**PROBLEM TO WORK ON:** When you reach the line below that has "Storie italiane 22/04/2019", start returning lines exactly, and stop after the line that has "NurtureNest Silicone Toddler"; skip the pictures.

**TASK MATERIAL:**

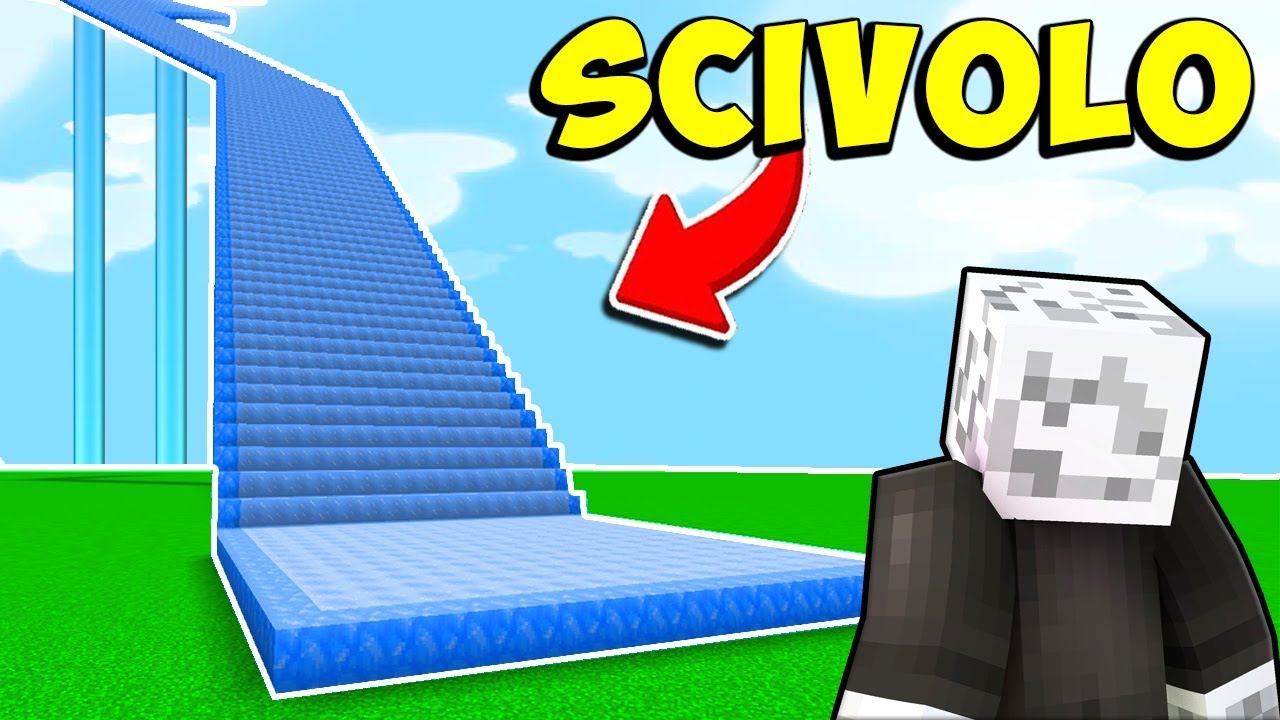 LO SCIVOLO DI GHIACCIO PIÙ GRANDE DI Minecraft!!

==

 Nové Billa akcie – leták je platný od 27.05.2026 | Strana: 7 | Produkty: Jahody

==

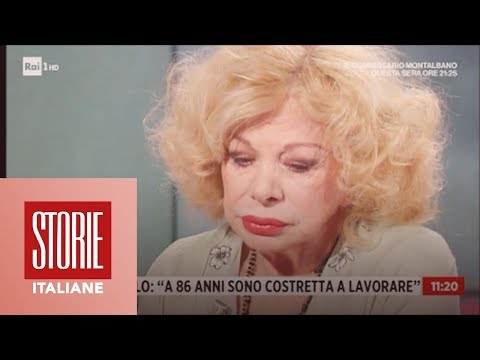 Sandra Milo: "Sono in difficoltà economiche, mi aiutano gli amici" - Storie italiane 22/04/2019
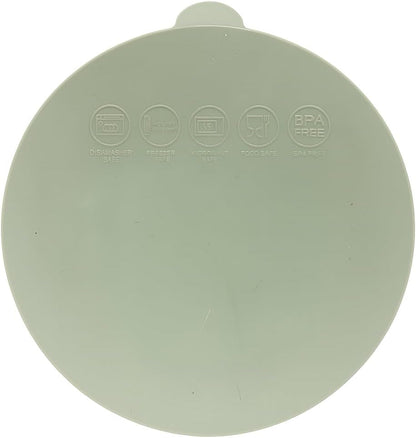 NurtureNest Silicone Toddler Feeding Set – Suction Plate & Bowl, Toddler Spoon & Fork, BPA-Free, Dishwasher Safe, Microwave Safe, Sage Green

**PROBLEM SOLUTION:**
 Sandra Milo: "Sono in difficoltà economiche, mi aiutano gli amici" - Storie italiane 22/04/2019
 NurtureNest Silicone Toddler Feeding Set – Suction Plate & Bowl, Toddler Spoon & Fork, BPA-Free, Dishwasher Safe, Microwave Safe, Sage Green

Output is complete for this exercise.